We participate, therefore we are.
This spin on cogito ergo sum (English: “I think, therefore I am”) is a good motto for all conferences and events.
It is exactly where I think conference organizers should begin to focus their meeting planning efforts. They need to focus on designing learning experiences where attendees actively participate, not where they passively consume.
Designers Of Experiences Not Schedulers Of Speakers
Conference organizers need to see themselves as more than logistics and detail planners. They need to see themselves as designers of education experiences. This means focusing on more than just scheduling a panel or speaker.
Attendees come to events for networking and education. When they say they want education, they mean they want to learn. They don’t just want information. They can get that online. They want to learn something relevant that help solves their problems.
Learning is a process that takes place in the mind. It is not a byproduct of listening to a lecture. It is a process that requires the learner to do and to think. Without thinking and doing, learning can’t occur. Listening to a lecture is not doing or thinking.
Here’s the secret to whether learning has occurred: Memory is the residue of learning.
If the participant can’t remember what happened, what they thought about and what they did, then no learning occurred.
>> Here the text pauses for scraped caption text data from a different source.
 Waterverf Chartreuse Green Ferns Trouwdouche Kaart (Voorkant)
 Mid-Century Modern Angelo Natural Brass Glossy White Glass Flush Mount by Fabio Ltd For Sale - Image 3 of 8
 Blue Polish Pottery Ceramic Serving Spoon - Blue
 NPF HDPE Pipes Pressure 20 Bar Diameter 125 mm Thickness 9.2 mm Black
Think about that for a minute. How often do we walk out of a conference lecture or panel discussion and remember what was said? Rarely! And if we don’t remember it, learning did not occur.
Ten New Conference Learning Manifesto Principals To Adopt
Here are ten conference learning principles that meeting professionals should strive for and adopt. They all revolve around “We participate, therefore we are!”
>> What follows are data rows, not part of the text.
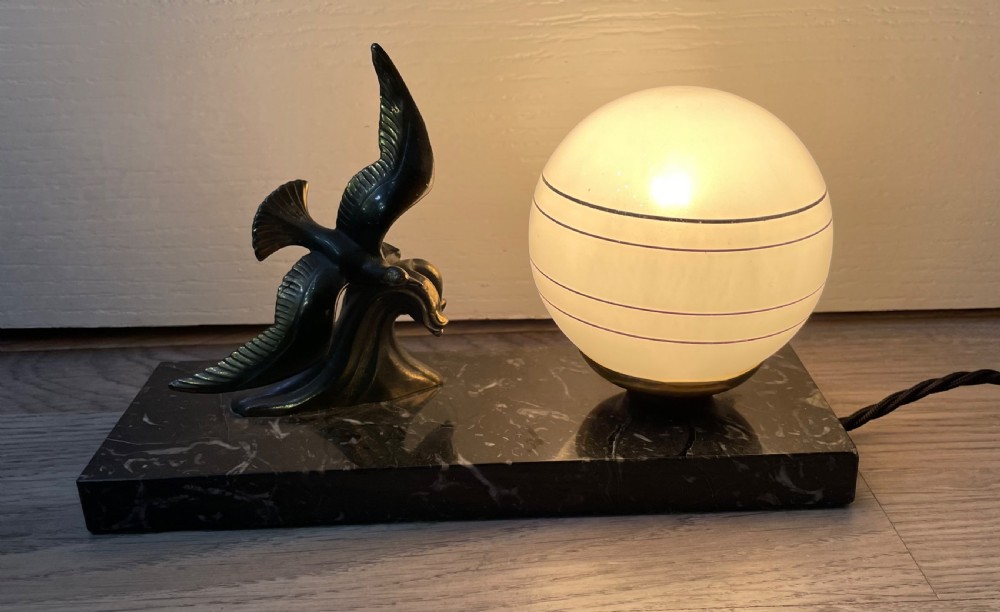 French Art Deco Marble and Spelter Mood Lamp View IV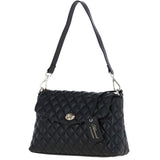 Real Leather Flapover Quilted Bag Black: 63858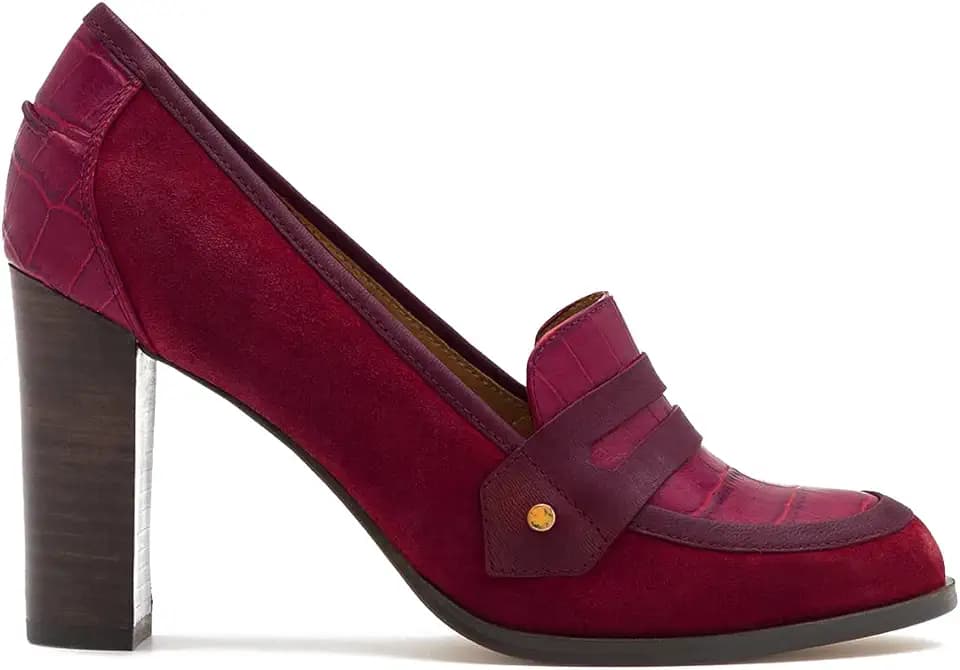 MOOMMO Women Chunky Block Heel Pumps Round Closed Toe Slip On Oxford Loafers Shoes High Heels Snakeskin Work Pump Suede Loafer for Office Ladies Classic Formal Business Professional Fall 4-13 M US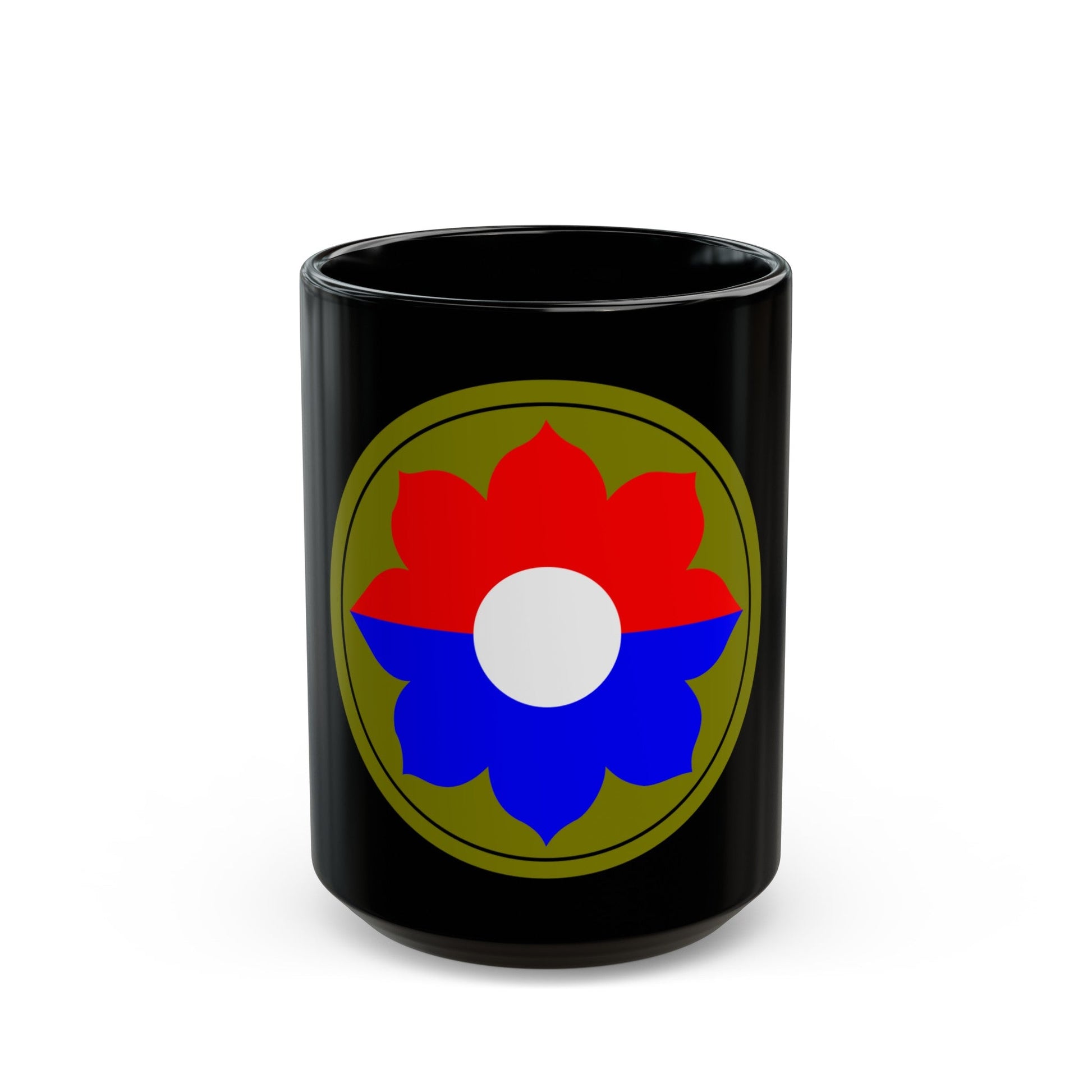 9th Infantry Division patch (U.S. Army) Black Coffee Mug-15oz-The Sticker Space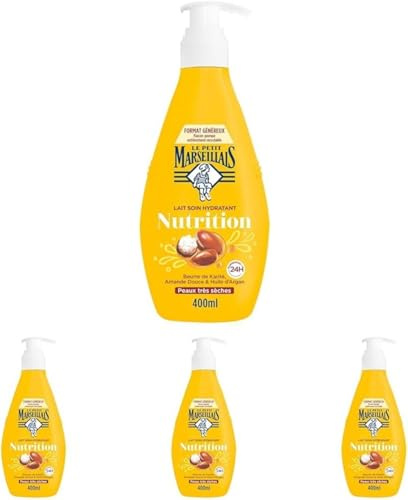 Le Petit Marseillais - Lait Soin Hydratant Nutrition (Flacon-Pompe de 400 Ml) – Lait Corps pour Peaux Très Sèches Hydratation 24H – Lait Corporel au Beurre de Karité, Amande Douce et Huile d'Argan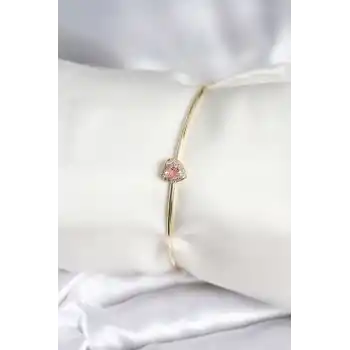 Pembe Zirkon Taşlı Kalp Model Gold Renk Kadın Bileklik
1. From Attendee To Participant
We should be designing conference experiences that encourage registrants to transition from attendees to participants.
2. From Passive To Active
We need to discover new ways to help individuals move from passive attendees to active participants.
3. From Monologues To Discussions
We must shift from planning one-way lectures to more facilitated discussions.
4. From Diatribes To Chunking Content
We need to switch from sixty- to ninety-minute lectures to sessions that provide short spurts (ten- to twenty-minutes) of content that serve as catalysts for seventy- to eighty minutes of discussion.
5. From Expert Authority To Facilitators Of Learning
We need to move from securing industry experts as speakers to contracting skilled facilitators that can capitalize on industry experienced participants in each session.
6. From Expertise To Subject Matter Experienced
We need to see our conference participants as the industry experts and subject matter experienced (SMEs).
7. From The What To The How
We must find a balance of the “what,” the content, and the “how,” the learning process.
8. From Information Transfer To Learning
We must stop seeing our meetings as containers for distributing information and start seeing them as a process to facilitate learning.
9. From Information As A Commodity To Learning Experiences That Have Value
We must come to grips with the fact that “information” is a commodity and that “learning” is something that has significant value.
10. From Listening To Doing And Thinking
Learning results from what an adult does and thinks! It only comes from what the learner does and thinks. The presenter can advance learning only by influencing what the learner does to learn!
What other learning principles would you add to this list? Why is active participation in the conference experience so important?
Great article! The core of my business is designing events as experiences and I truly agree with #1 and #9. Thanks for sharing.